== DATA BLOCK
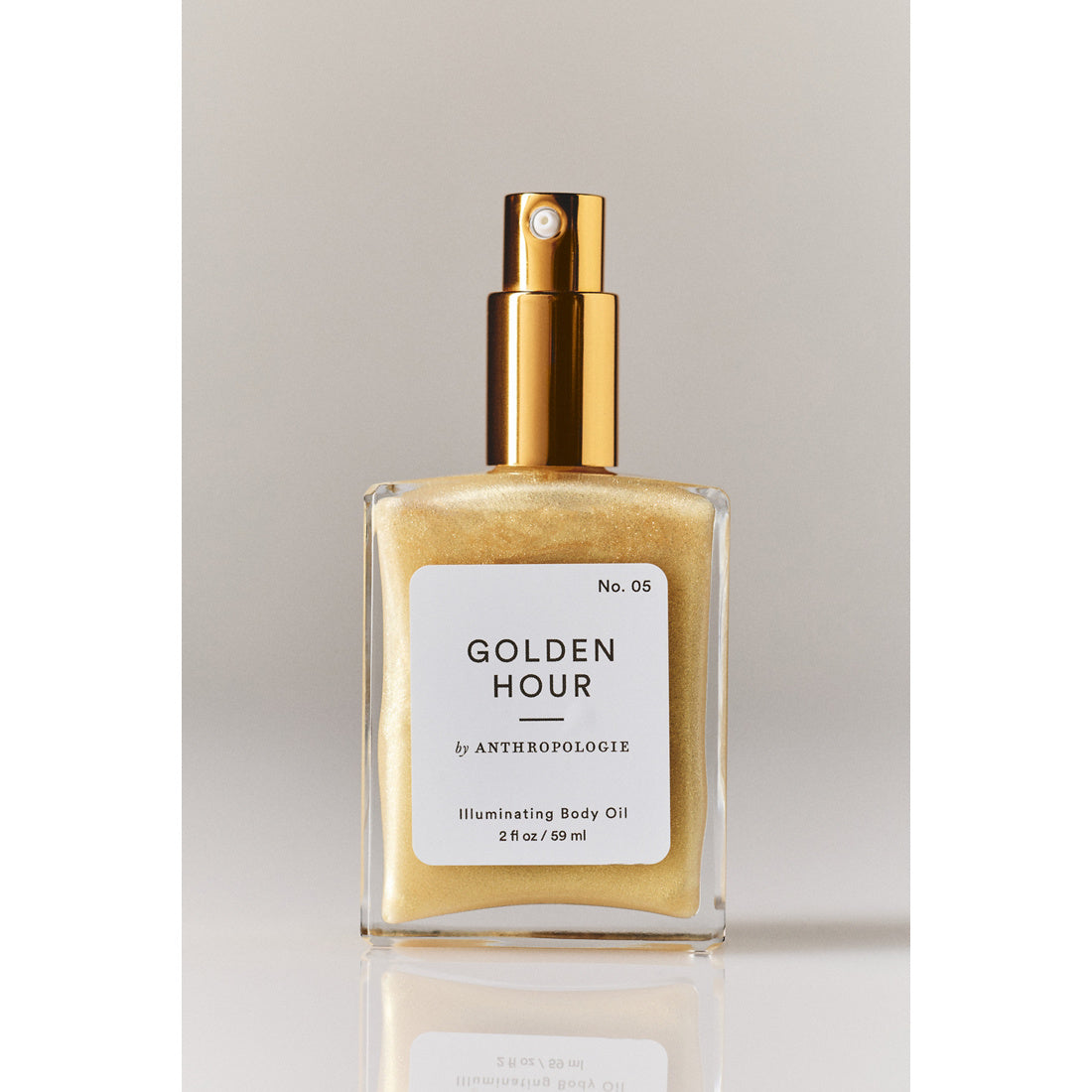 Illuminating Body Oil by Nostalgia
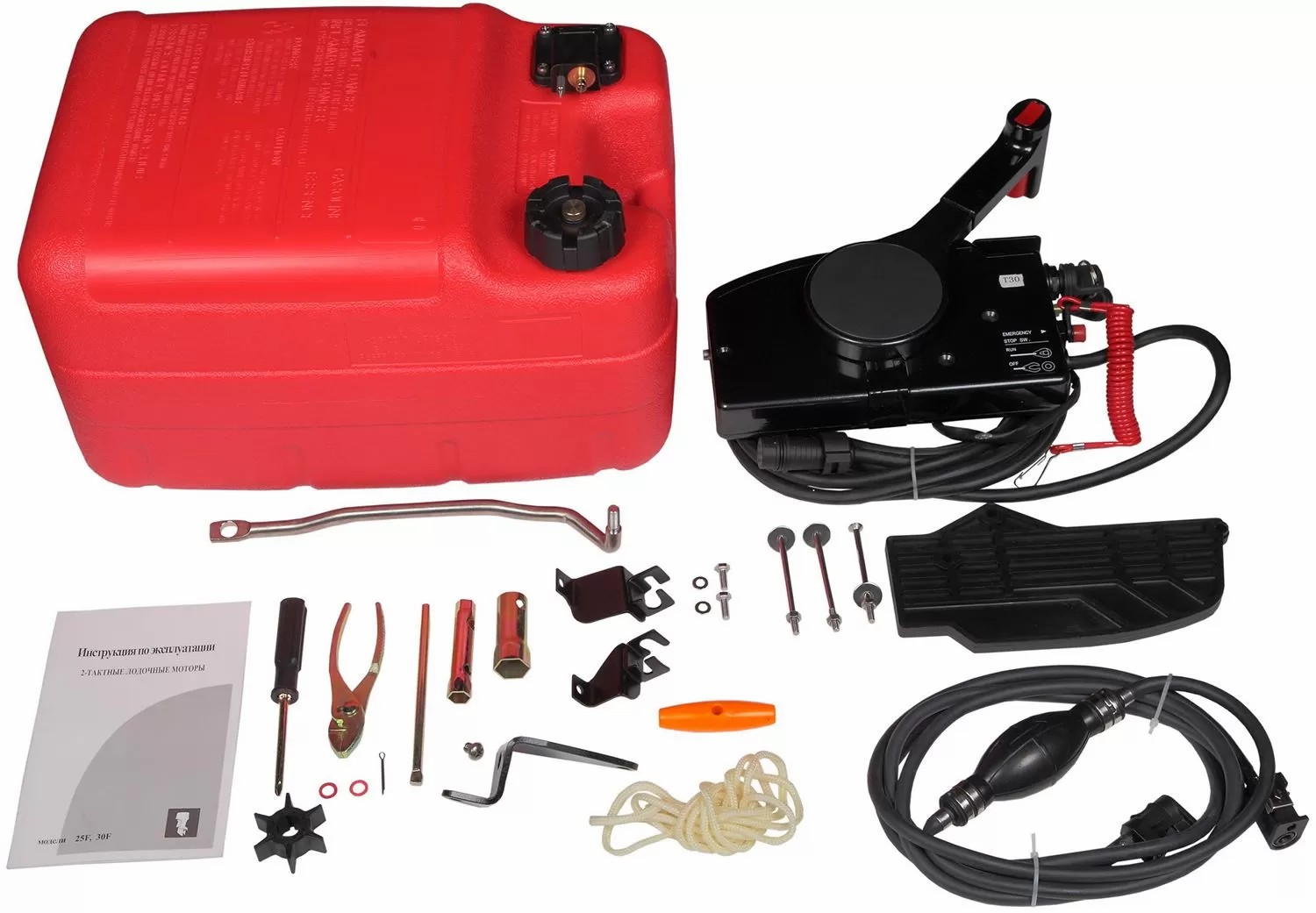 Лодочный мотор MARLIN MP 30 AWRS в Новом Уренгое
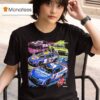 Hendrick Motorsports Car Nascar T Shirt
====
### TASK INSTRUCTIONS
Please retype the listing above word for word, skipping each picture.

### EXERCISE OUTPUT
 Illuminating Body Oil by Nostalgia
 Лодочный мотор MARLIN MP 30 AWRS в Новом Уренгое
 Hendrick Motorsports Car Nascar T Shirt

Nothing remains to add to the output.